Largamente consideradas respuestas retrógradas a la globalización triunfante, esas caras de la derecha dura demostraron ser una alternativa, si no deseable, al menos apta para este tiempo. Reactiva, sí, pero no por eso condenada al fracaso.
Antes que a ella, lo que la globalización había dado por muerto fue el Estado nación. Prematuramente, claro, porque no podían quedar sin reacción los dolores que su imposición generó en amplias capas de la humanidad, ya sea en forma de pérdida de empleos de viejo cuño y desempleo abierto, caída de ingresos de sectores medios que sostuvieron patrones de consumo en base a un endeudamiento intenso, degradación de los servicios públicos y la calidad de vida, anomia, inseguridad y –no menos importante– pérdida de estatus y reconocimiento. Con lo nacional como último refugio, la réplica llegó en la mayoría de esos casos –Brasil es un ejemplar curioso– en forma de soberanismo, proteccionismo, rechazo a la integración regional –el brexit– y America first.
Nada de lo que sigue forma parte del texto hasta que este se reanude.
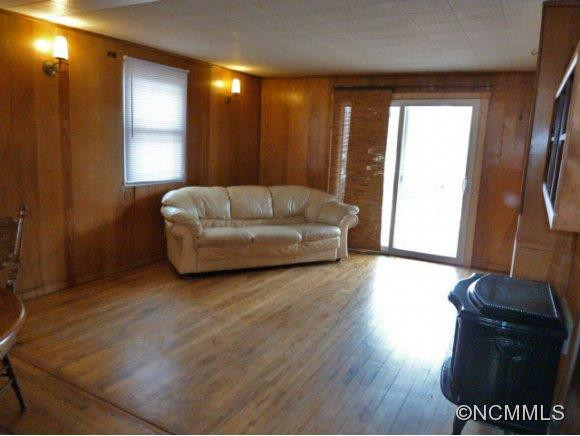 117 South Grove - Photo 3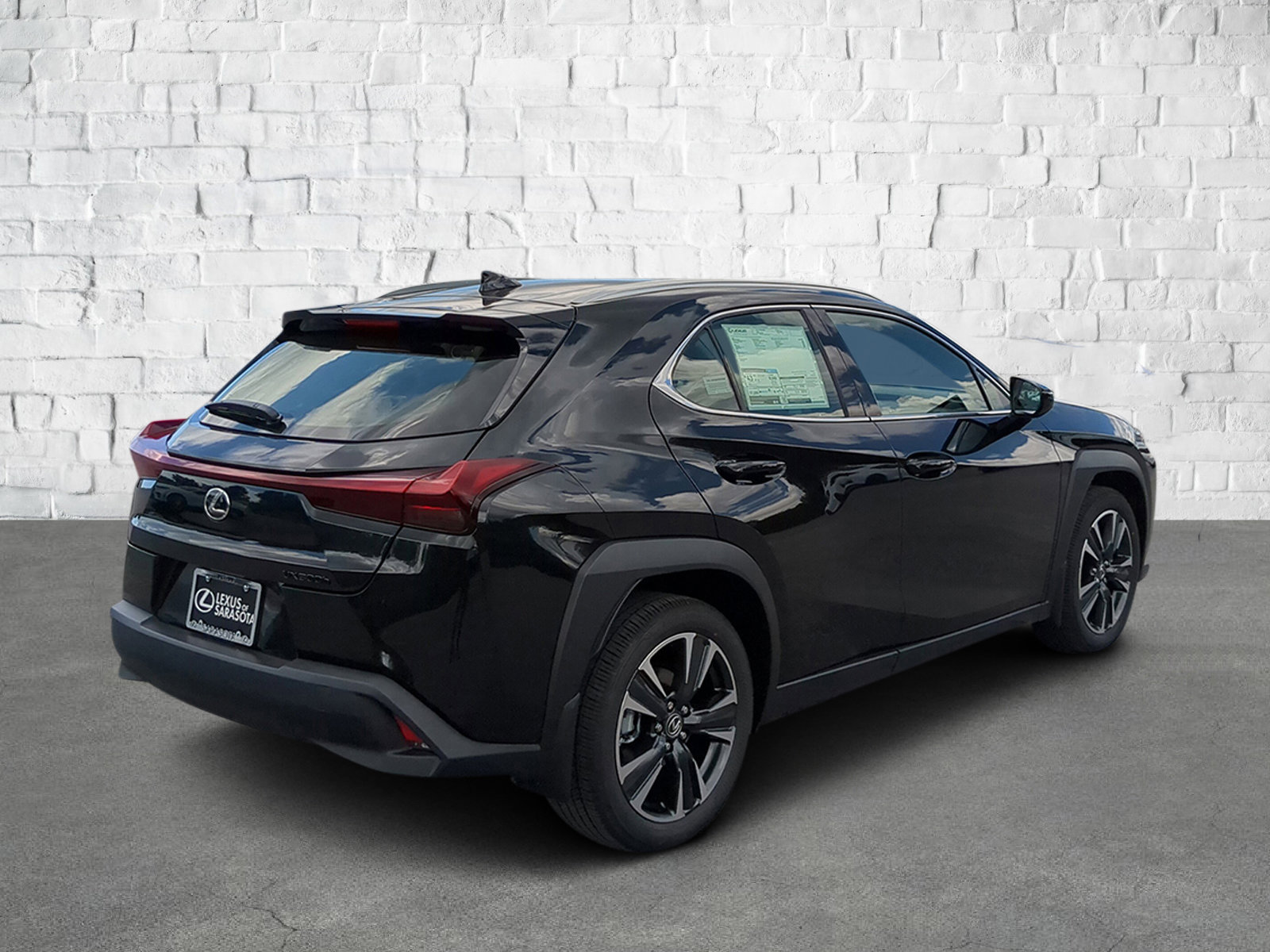 2025 Lexus UX photo 4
En tanto más restauradora que revolucionaria y centrada en valores, la misma nunca abjuró del capitalismo financiero; he ahí la condición que la hizo viable y hasta deseable para el sistema y, por otro lado, su mayor limitación hacia el futuro.
“No podemos tener amor sin amantes ni sumisión sin señores y siervos”, dijo el historiador inglés E. P. Thompson en el prólogo de libro La formación de la clase obrera en Inglaterra, con lo que le señaló al marxismo tradicional el error de ignorar las particularidades culturales y el de elaborar análisis satelitales, inútiles para entender las peculiaridades del tiempo y el espacio. En esa línea, la nueva ultraderecha adoptó en cada lugar el rostro posible, pero, en general, se la puede caracterizar como conservadora por su apego a pilares como la familia, la religión, la patria o la etnia dominante, el orden y las fuerzas de seguridad. La novedad es que, tras un brusco viaje al pasado, volvió con un envoltorio discursivamente populista: nosotros o ellos.
En Estados Unidos fue hija del largo proceso de involución de los sectores medios, que fueron perdiendo la fe en el “sueño americano” desde los años 80 y que tocaron fondo en la crisis de las hipotecas de 2008. En tanto, aterrizó en Brasil cuando se acabó el viento de cola externo hacia 2010.
En el primer caso llegó de la mano de un magnate libertino en lo privado y conservador en lo público como Trump, improbable campeón de las causas populares; en el segundo, con un militar evangelizado como Bolsonaro, que devolvió a la luz a un sector conservador de la sociedad que solo se había agazapado durante los años de alternancia entre el liberalismo y la izquierda.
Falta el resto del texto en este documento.